Apart from the images, reproduce all of the data word for word.

**STORED DATA**
☆ ☆ ☆ ☆ ☆ ☆ ☆
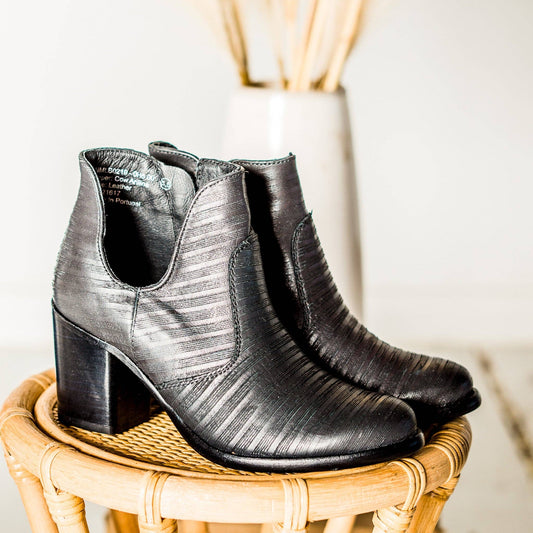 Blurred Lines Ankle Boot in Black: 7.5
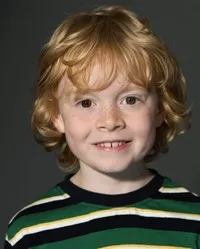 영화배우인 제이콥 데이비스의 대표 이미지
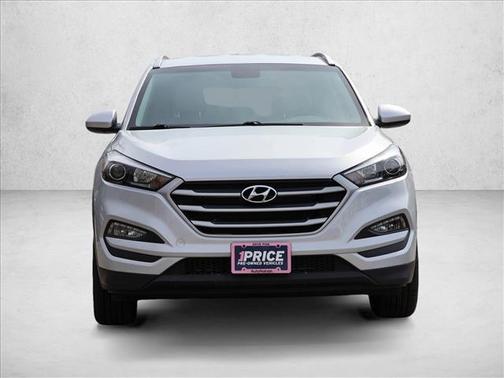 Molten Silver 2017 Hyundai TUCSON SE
☆ ☆ ☆ ☆ ☆ ☆ ☆
**TASK ANSWER**
 Blurred Lines Ankle Boot in Black: 7.5
 영화배우인 제이콥 데이비스의 대표 이미지
 Molten Silver 2017 Hyundai TUCSON SE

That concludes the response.